### Your goal:
Write again exactly the lines in the listing below, starting at the line with "A kyc verification" and ending at the line with "img 3 attached", both included. Pictures are not copied.

::: Entries provided

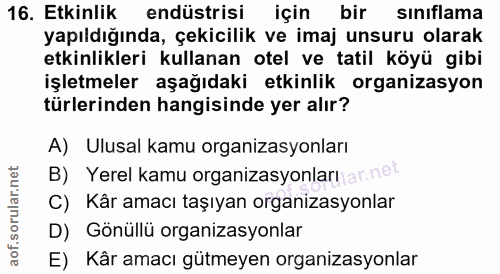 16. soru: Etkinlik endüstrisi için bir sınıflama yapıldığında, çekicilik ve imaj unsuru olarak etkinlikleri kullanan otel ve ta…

::::::
::: Entries provided

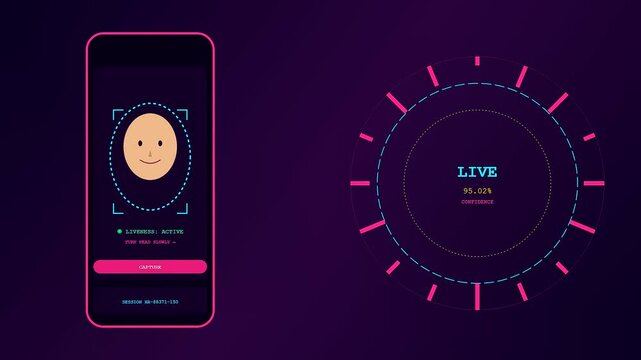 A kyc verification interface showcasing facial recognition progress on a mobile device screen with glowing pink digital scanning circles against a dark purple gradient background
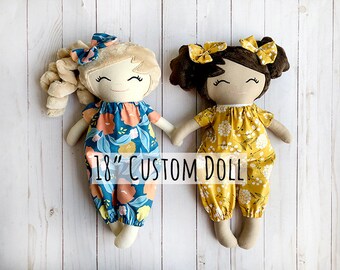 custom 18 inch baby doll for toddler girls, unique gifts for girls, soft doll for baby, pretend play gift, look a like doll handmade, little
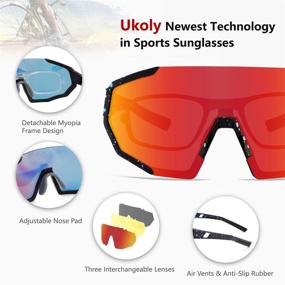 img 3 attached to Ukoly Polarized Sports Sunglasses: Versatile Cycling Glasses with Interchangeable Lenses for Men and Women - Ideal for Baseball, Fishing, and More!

::::::

### Your response:
 A kyc verification interface showcasing facial recognition progress on a mobile device screen with glowing pink digital scanning circles against a dark purple gradient background
 custom 18 inch baby doll for toddler girls, unique gifts for girls, soft doll for baby, pretend play gift, look a like doll handmade, little
 img 3 attached to Ukoly Polarized Sports Sunglasses: Versatile Cycling Glasses with Interchangeable Lenses for Men and Women - Ideal for Baseball, Fishing, and More!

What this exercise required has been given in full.